Toward the end of the siege of Leningrad, after Nikolai Vavilov himself had perished in one of Stalin's prisons of some combination of malnourishment and maltreatment, biologists at the Institute that would eventually bear his name risked intense shelling outside the city to grow out some of the seeds in their care in experimental stations and fields. In doing so they increased the food supply while replenishing and reinvigorating their seed bank.

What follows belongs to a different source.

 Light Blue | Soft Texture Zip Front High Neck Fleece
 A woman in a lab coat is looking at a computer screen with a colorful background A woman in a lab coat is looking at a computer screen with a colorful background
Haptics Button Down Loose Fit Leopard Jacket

That's one tragic aspect of the impending destruction of Pavlovsk Experimental Station; the station houses seeds not as potential but as actual life. The trees and plants cannot just be moved, and certainly not in the ridiculous few months on offer. Ninety percent of the berries, currants, and other food plants grown at Pavlovsk exist nowhere else. They will simply be gone, together with whatever genetic advantages they offer an agricultural system made fragile by monocropping and a dangerous approach to distribution. Also lost will be their particular colors, textures, flavors. Genetic diversity is crucial to human survival and food is a central part of our history and heritage, but aesthetics matter too. In the place of an apple famed for its winter heartiness and a berry prized for its perfect sweetness will sit a commercial real estate development, the money earned off the bulldozed land going to those who successfully claimed in court that the Pavlovsk collection does not exist because it was never officially registered. Soon they will be accurate in more than legalistic terms: it won't exist.

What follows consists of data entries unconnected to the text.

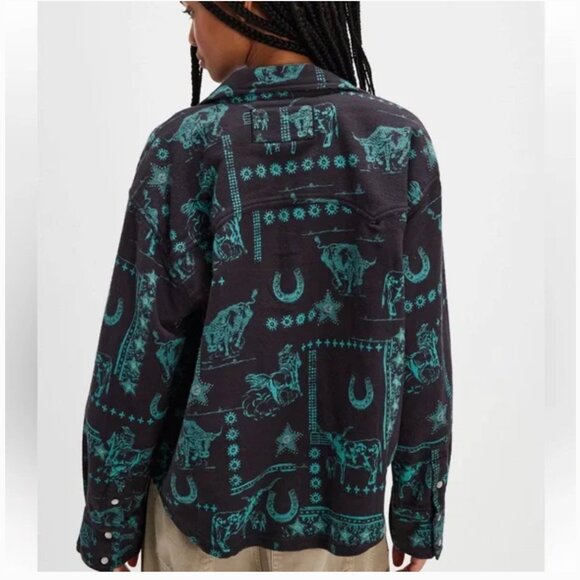 Free People We the Free Calico Western Print Flannel Shirt Charcoal Combo - Picture 3 of 8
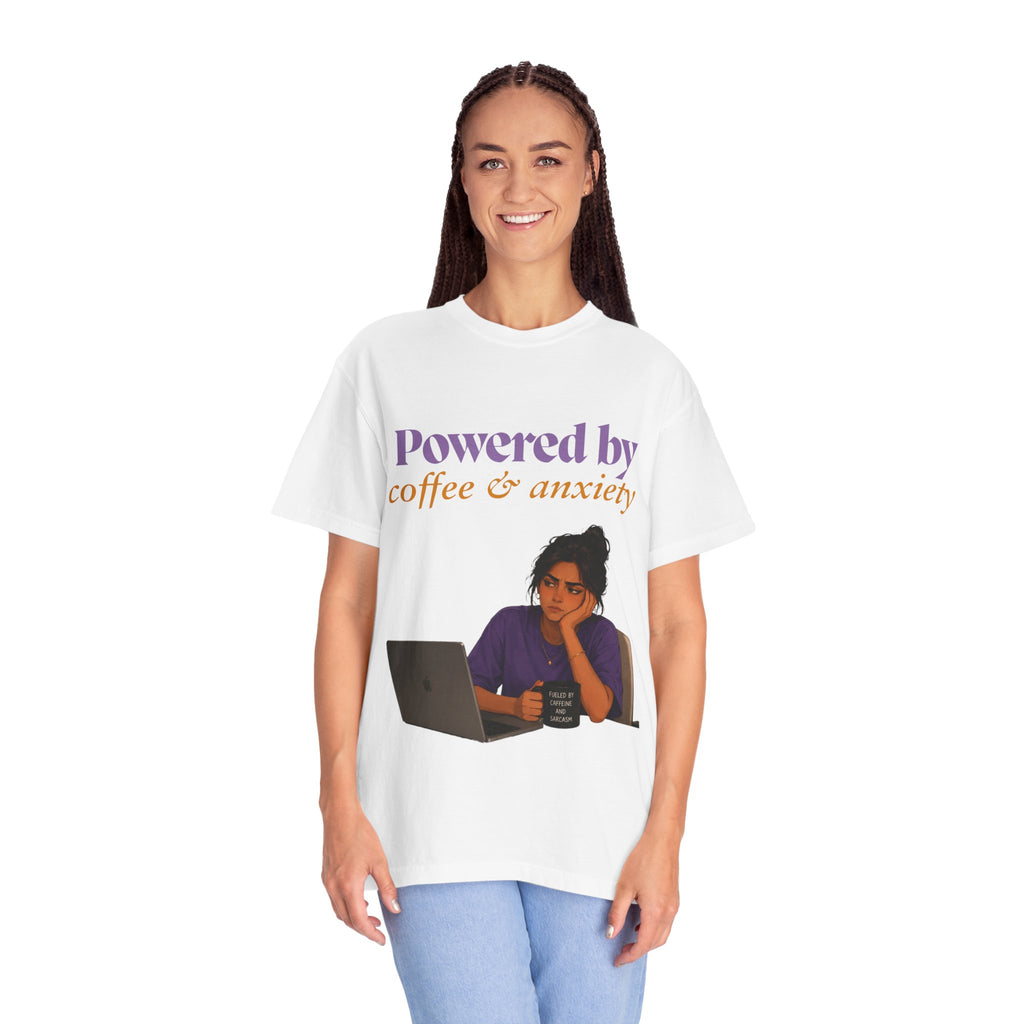 Powered by Coffee & Anxiety T-Shirt — Classic Fit Graphic Tee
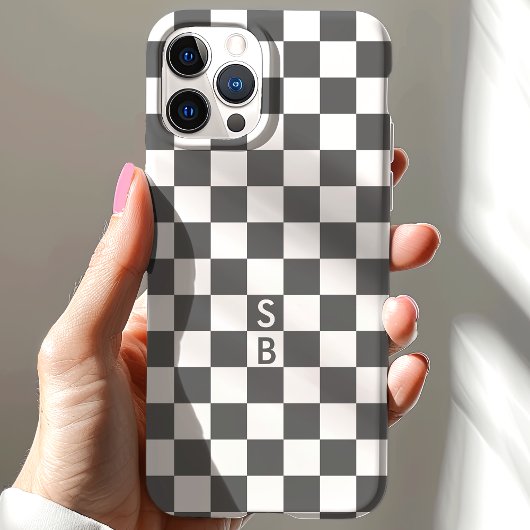Monogram grijs en wit schaakbordpatroon Case-Mate iPhone case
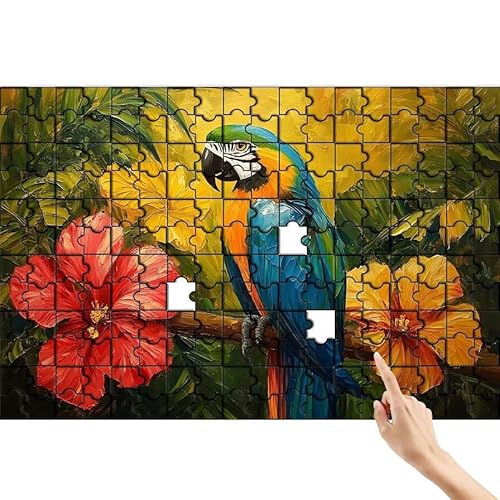 Puzzle 300 Teile Blume, Papagei Puzzle Erwachsene, Lernspiele für Ganze Familie, Unmögliche Herausfordern Spielzeug, Bunter Spaß Set mit Box für Room Wall Decor Kreative Geschenke für Frauen V-7 von Feionnug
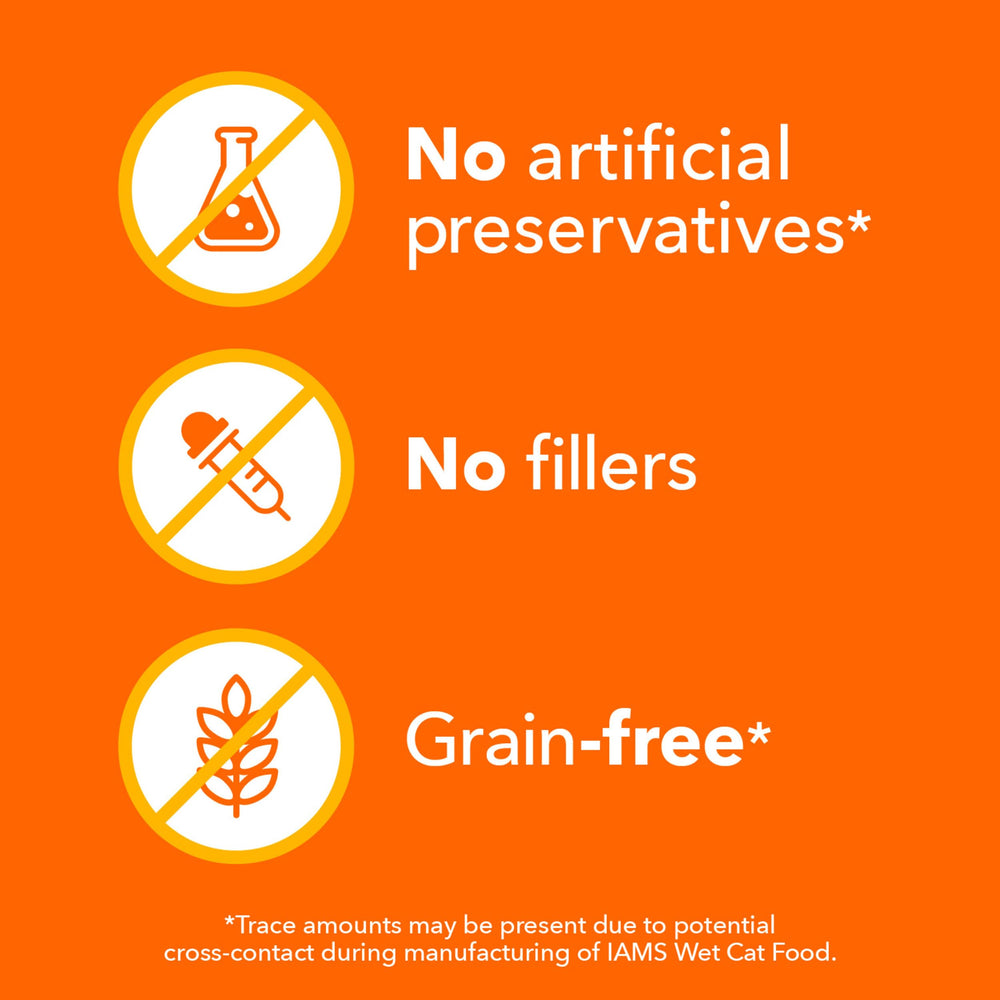 IAMS etiqueta con lista de ingredientes y beneficios nutricionales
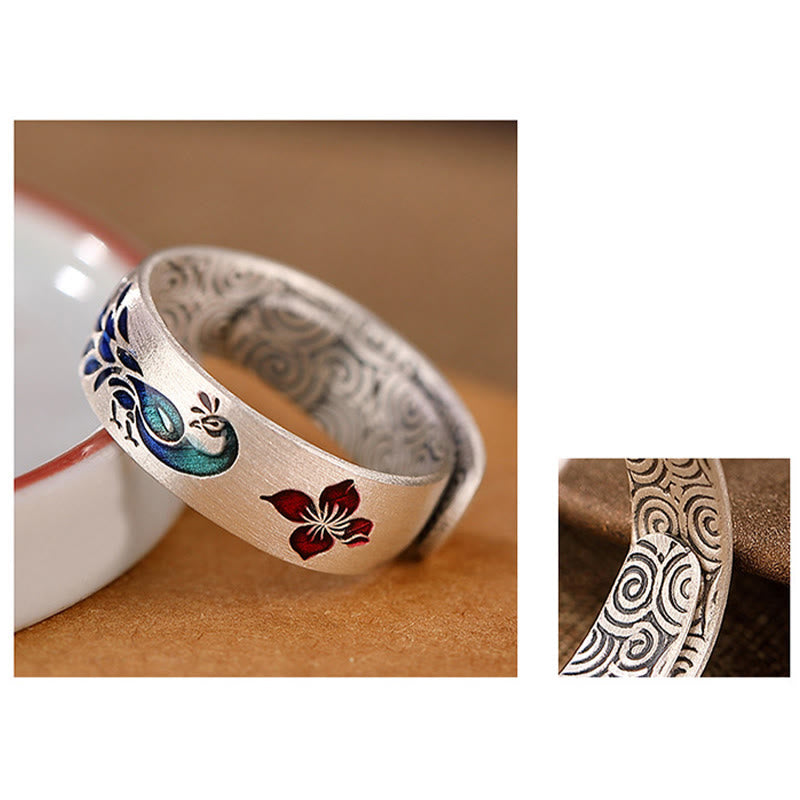 Buddha Stones999 スターリングシルバー 孔雀 縁起の良い雲 彫刻 蓮の花幸運繁栄の指輪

To this day I keep a jar of black-and-white beans (the Tarahumara carpenteria) that I obtained through the Seed Savers Exchange when I lived on twenty acres in southern California. Before the man who possessed the rare beans would send me a handful, I had to promise him that I met the day-length and soil requirements to successfully grow them. I promised to grow out some every year, to save some of the seed. For several years, I ate my share but also sent the seed to others to grow, save, and share. During the writing of Hunger, in a cold apartment in the Northeast, I looked at the jar of remaining beans and found inspiration there. I promised myself that I would grow them out again, just as soon as I lived somewhere with the right conditions.

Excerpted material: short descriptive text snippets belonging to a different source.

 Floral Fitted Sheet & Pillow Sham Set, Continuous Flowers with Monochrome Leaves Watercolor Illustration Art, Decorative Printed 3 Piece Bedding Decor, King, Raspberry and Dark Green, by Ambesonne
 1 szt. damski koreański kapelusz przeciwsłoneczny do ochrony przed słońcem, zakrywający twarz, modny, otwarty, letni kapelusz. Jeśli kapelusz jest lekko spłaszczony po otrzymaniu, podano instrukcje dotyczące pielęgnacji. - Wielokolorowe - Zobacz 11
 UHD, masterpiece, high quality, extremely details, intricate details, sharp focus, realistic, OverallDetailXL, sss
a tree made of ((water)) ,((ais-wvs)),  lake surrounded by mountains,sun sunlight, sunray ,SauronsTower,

It's too late now: the seeds are no longer viable and I still don't live in a place where they'd stand a chance of maturing. I grow some fruit trees and herbs, but those beans I use as pie weights and so their white has mellowed to the color of tea in my oven. I have failed them, though maybe someone I sent envelopes of Tarahumara carpenteria grows them out still, maybe they went forth and multiplied. The Tarahumara carpenteria are high in protein, and they are beautiful and delicious, and the world would be a little more paltry without them. They mean a lot to me. They gave me my first novel and saved me from office work. I pay tribute to them in the novel as one bead on a necklace of dried beans collected by the narrator's mistress--a notch on her belt. But they are just one variety of a food a lot of people don't even like despite their sturdy nutritional profile. What is about to be lost in Russia, 20 miles outside of the city once and again called St. Petersburg, is almost as unfathomable to me as is starving to death without eating anything I could get my hands on: plums from a dozen countries, hundreds of apples and black currants from several continents, a thousand varieties of strawberries you and I will never taste.